Unfortunatly he does not love you not because you are nit lovable but because he can nit live. You should have much better you were tricked and decieved.
_Posted via Mobile Device_


----------



## DeekoDeek (Jun 19, 2011)

Yes I have stayed for too long through all his bs and it hAs really affected me. I feel worthless to him, but not to all guys. I have talked to him about a D and he tells me good luck finding a guy who won't cheat. We have been in marriage counseling & both of us are in IC, although he won't tell me about any of his issues he has. He says he has lots of issues and none of them are regarding or due to our marriage. I am in the blind about his problems as he refuses to share them with me. just more confusion, worry and doubt.... All he ever says to me is I need to let go of my mistrust and move on from everything that's happened. The last big porn fight we had was this past weekend...

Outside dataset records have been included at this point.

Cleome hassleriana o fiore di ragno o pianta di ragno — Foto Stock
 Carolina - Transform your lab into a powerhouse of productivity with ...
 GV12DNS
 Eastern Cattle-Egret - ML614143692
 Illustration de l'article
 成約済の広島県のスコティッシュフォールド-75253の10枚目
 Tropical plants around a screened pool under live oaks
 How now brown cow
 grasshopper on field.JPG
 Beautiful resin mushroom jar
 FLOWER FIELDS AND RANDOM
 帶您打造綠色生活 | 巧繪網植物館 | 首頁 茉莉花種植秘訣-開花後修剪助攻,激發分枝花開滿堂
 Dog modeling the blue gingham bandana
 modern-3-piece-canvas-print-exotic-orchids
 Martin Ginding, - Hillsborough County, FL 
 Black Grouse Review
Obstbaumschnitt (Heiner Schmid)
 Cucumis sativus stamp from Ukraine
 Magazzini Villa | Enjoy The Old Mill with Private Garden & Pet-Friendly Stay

Also I am no psychologist but he has been diagnosed w/ PTSD and I honestly believe he has borderline personality disorder because he has almost all of those symptoms.. But again he won't let me in at all about his issues, even tho they affect our marriage .


----------



## tobias (Jun 21, 2011)

DeekoDeek,

I wouldn't jump to any conclusions about Narcissism or personality disorders. You simply need to confront him on the issues: verbal abuse, porn use, lying, etc. He needs to know these aren't acceptable. If he not willing to change, then that is one thing. But, give him an opportunity once you have laid down the law that pornography whether its private or not is absolutely unacceptable. In fact it is a form of infidelity.

Also, he needs to let you in on his issues. You are a married couple. You need each other's help to overcome problems and wounds from the past. We all have them.


----------



## Catherine602 (Oct 14, 2010)

The secrecy means that he does not trust you and he is hiding how sick he is. When you marry you share your life with the person there are no secrets. He dies not want you to know him therefore you can not love a person you don't know. He can't be trusted. 

Don't listen to his words look at his behavior. He is telling you to stay with him even if he cheats because you will be cheated on anyway. Do you believe that? . Are you going to let him continue to treat you like a doormat? He is telling you that he will cheat and then to trust him. 

Don't you think if you had any self respect you would tell him "evey man is not sick like you and other men may cheat on me but you won't" get out of this. He wants you to stay because he groomed you to be an object and he has worked so hard finding the right woman who will allow him to abuse and degrade her that he wants to convience you not to leave. 

he will have find some other woman to trick and groom and it will take some work. Surprise him and yourself and leave him in the dust it will wound his ego and he deserves it. 

Women up and stop bring a doormat. You may find it difficult because he will try to instill fear but it like being in a cult once you are out you will not be able to figure out why you staid.
_Posted via Mobile Device_


----------



## Catherine602 (Oct 14, 2010)

@tobias. I don't know if you read her post carefully. He deceived her when they married, he is trying to use her sexually, he is secretive about problems, he has verbally abused her, he has promised her he will cheat, he ask her to trust him but he us a liar. this is not a marriage for her, this is a nightmare.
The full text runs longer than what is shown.